Website: www.ellenhart.com

Facebook: https://www.facebook.com/ellen.hart.54

Amazon: https://www.amazon.com/Fever-Dark-Lawless-Mystery-Mysteries/dp/1250088631/ref=sr_1_1?ie=UTF8&qid=1487460058&sr=8-1&keywords=ellen+hart

1. Where are you currently living (at least the state or if outside US then Country)?

Minneapolis, Minnesota

2. What is the most important thing that you have learned in your writing experience, so far?

I’ve taught “Writing the Modern Mystery” for the last seventeen years. During my first class, I always tell this story because I think it’s instructive. Every writer has an odyssey, and this is part of mine.

My first book was published fairly easily. The publisher asked me to write another and so I did. I sent it to them and they sent it back, rejecting it and giving me their thoughts on how I could make it better. I didn’t really agree with their critique, so I put it on the shelf and began a third story.

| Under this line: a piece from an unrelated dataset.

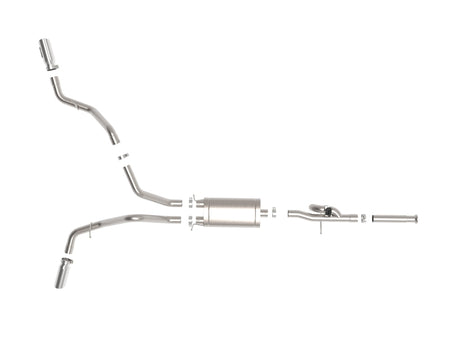 aFe Gemini XV Cat-Back Exhaust System GM Trucks 09-18 V6-4.3/V8-4.8/5.3L- Cut-Out Polished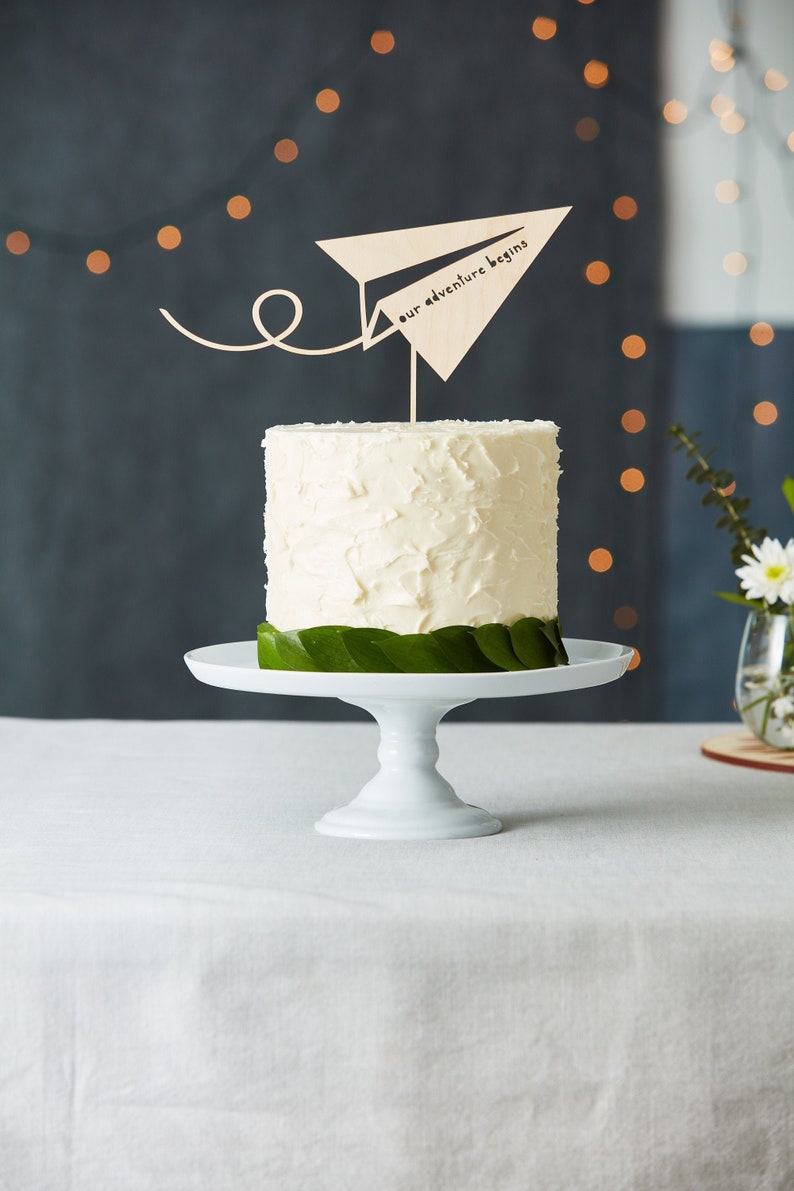 Cake Topper Wedding Paper Airplane Travel Adventure Cake Topper Wooden Baby Shower Cake Topper Engagement party Our Adventure Begins Existing Text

This time, I figured I knew what they wanted so I set out to write that book. I sent them Vital Lies a year later. Again, they rejected it!

I was confused and thoroughly dismayed. They sent their ideas on how I should change the book. Essentially, they asked me to “beef-up” the feminist parts and add more gay characters. Again I felt this wasn’t good feedback, having more to do with politics than the essential story. I agreed that the book had problems, but again, not with their solutions. I thought about it for quite some time, and then began rewriting.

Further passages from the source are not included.